I also visited Noto, where some of the The White Lotus characters went on a day trip, but, as there are other reasons for tourism, notably history, I immersed myself in the Baroque architecture of the city that was rebuilt after an earthquake in 1693. There was also the beautiful island of Ortigia with its fountain where papyrus grows, another Baroque cathedral, and the Greek settlement of Siracusa. Then I couldn’t miss the Greek ruins, dating back to the sixth century BCE at the Valley of the Temples in Agrigento, Selanunte and Segesta, or the fine Roman mosaics (fourth century CE) of Villa Romana del Casale or the Norman cathedral at Cefalu. Palermo and its surrounding areas have Byzantine mosaics at Monreale and elsewhere, a visual legacy of the Normans replacing the Fatimids, as well as the Teatro Massimo opera house where Tanya (The White Lotus) saw Madama Butterfly.
Even within the series, the characters are influenced by film locations. Tanya wanted to follow her fantasy of being Monica Vitti, driven around on a Vespa in Sicily. However, when she dresses in pink, the manager, Valentina, tells her she looks more like Peppa Pig. Some of the men in the film want to see The Godfather location, Castello degli Schiavi villa, where Michael Corleone’s first wife, Apollonia, is murdered. Visits to Corleone are popular but the accounts in Peter Robb’s brilliant book, Midnight in Sicily (1996) confirmed my decision not to go.
I loved Guiseppe Tomasi di Lampedusa’s The Leopard (1958), the tale of an aristocratic family during the time of Garibaldi’s Redshirts in Sicily but also, as is rare, enjoyed just as much Luchino Visconti’s film (1963) with Burt Lancaster, Alain Delon and Claudia Cardinale. However, retracing this lost world proved beyond me.
Visiting the locations of films and OTT series is big money.

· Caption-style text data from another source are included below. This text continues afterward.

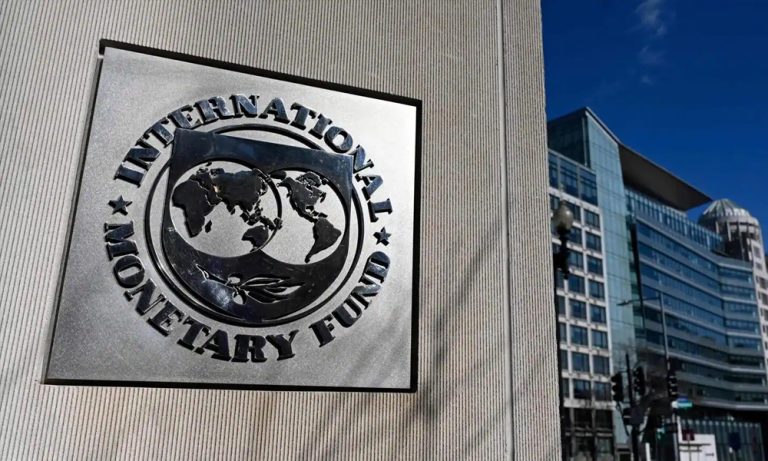 IMF: Finansal Kuruluşların Denetlenmesi Hayati Öneme Sahip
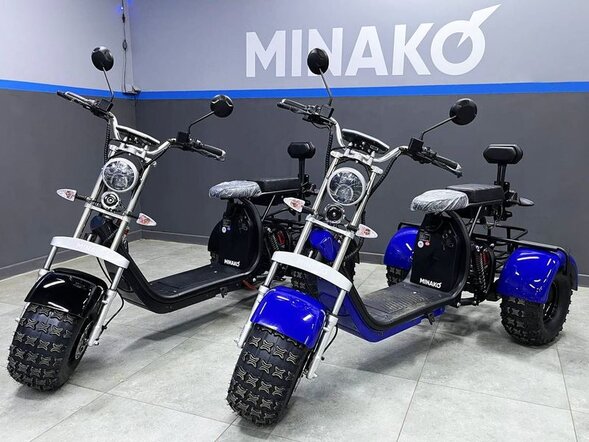 Трехколесный электроскутер Minako Rex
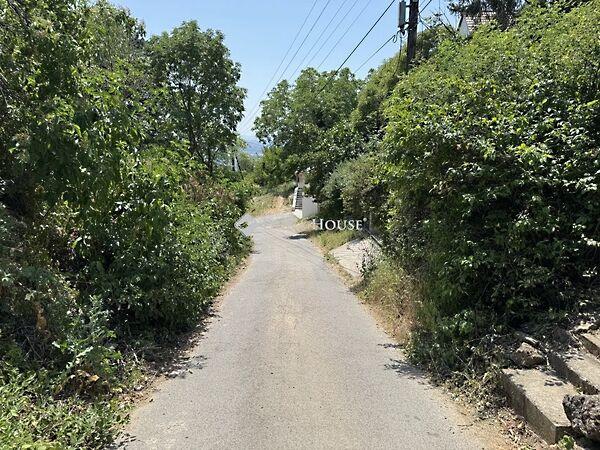 Nagyszkókói, Pécs 3. képe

Nearly half of the visitors to the UK come to see sights now familiar to them from film and television. If you pass 221B Baker Street, it seems that the crowd is mostly Indian, eager to see the home of the legendary (or, rather, fictional) detective.
Many Indian visitors to the UK and Europe come to see places made famous in Indian films. Vineet Lal has made maps of Bollywood’s Britain, specifically Bollywood’s Scotland for VisitScotland, to encourage tourism. Perhaps some of the Indian tourists at Eilean Donan Castle or Crossraguel Abbey have come to see where Karan Johar’s Kuch Kuch Hota Hai was shot, even 25 years after it released.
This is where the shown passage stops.